The joint objective is enhancing the defence co-operation, including the pooling and sharing of defence capabilities of the member countries and organizing common training and exercises.
Since the European migrant crisis of 2015-2016 the cooperation has focused on handling mass migration too.

The CEDC was created in 2010. 
All members are also members of European Union and all except Austria are in NATO. The presidency rotates yearly. As of 2022, the presidency is held by Austria.

The CEDC geo-political borders are more or less the same borders of the former Habsburg monarchy, and its successors, the Austrian Empire and Austria-Hungary.
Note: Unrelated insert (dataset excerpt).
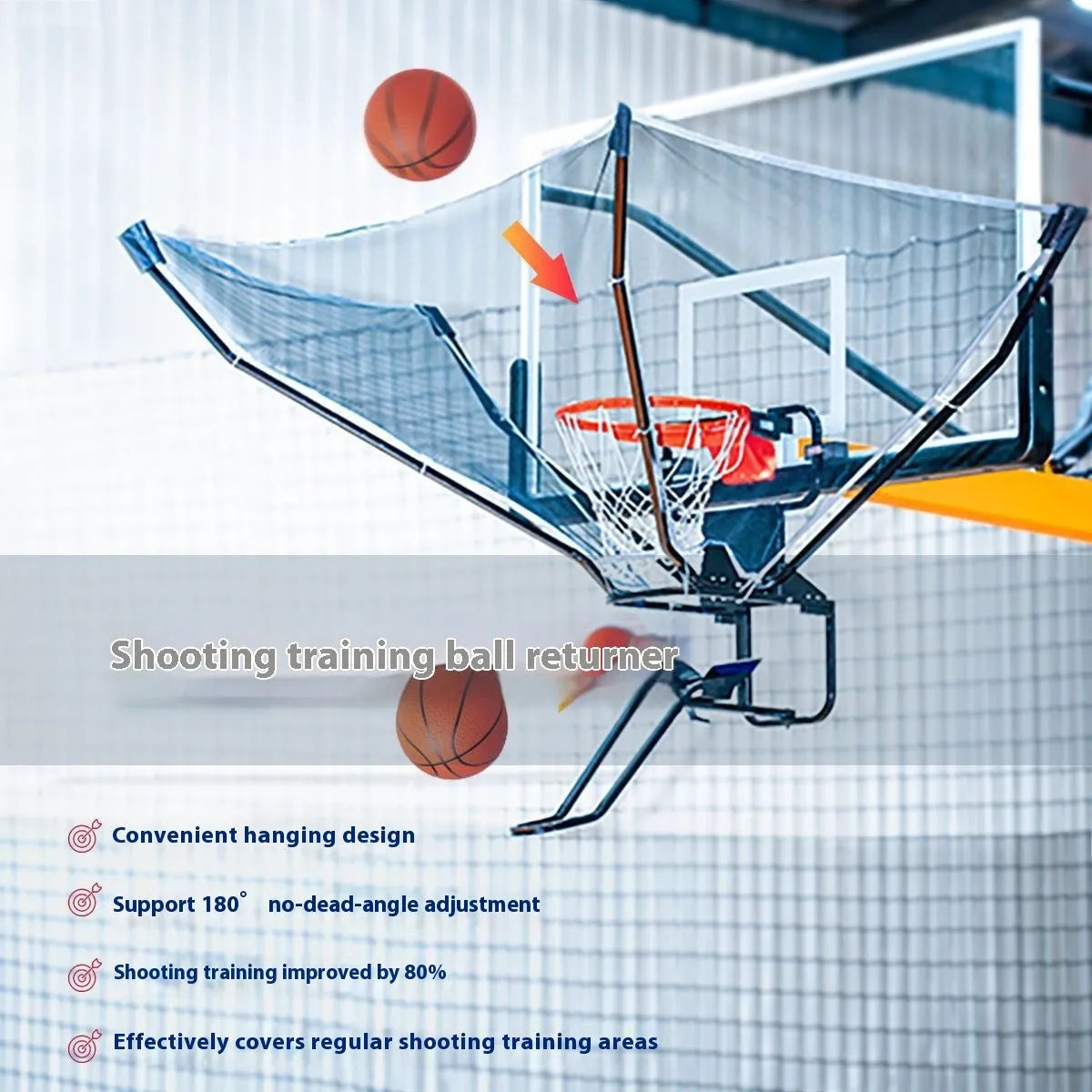 Basketball training ball return automatic serve device with cowhide leather and iron construction hanging from hoop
Territory of participating states is 381,682 km2 while the territory of the Austrian Empire in 1804 was	698,700 km2.

History 
Formation of the group started in late 2010, the first meeting of defence ministers took place in June 2012 in Frauenkirchen, Austria.

From March 31 to April 1, 2016, a conference of defense ministers from the CEDC member states as well as those from Poland, Serbia, North Macedonia and Montenegro took place in Vienna. The central theme was the European migrant crisis. Germany and Greece were also invited but did not participate. A joint initiative was taken to secure the external border, a continued closure of the Balkan route and the implementation of settlement measures of migrants who had arrived previously.

On 19 June 2017 the six countries pledged in Prague closer cooperation on tackling illegal migration including the use of armed forces. Among the group's goals is that all migrants who want to apply for asylum in any EU country must do so from out side the bloc.
Countries are working on the joint action plan, which will distribute tasks between member's armies, police forces and other organisations when common response is needed.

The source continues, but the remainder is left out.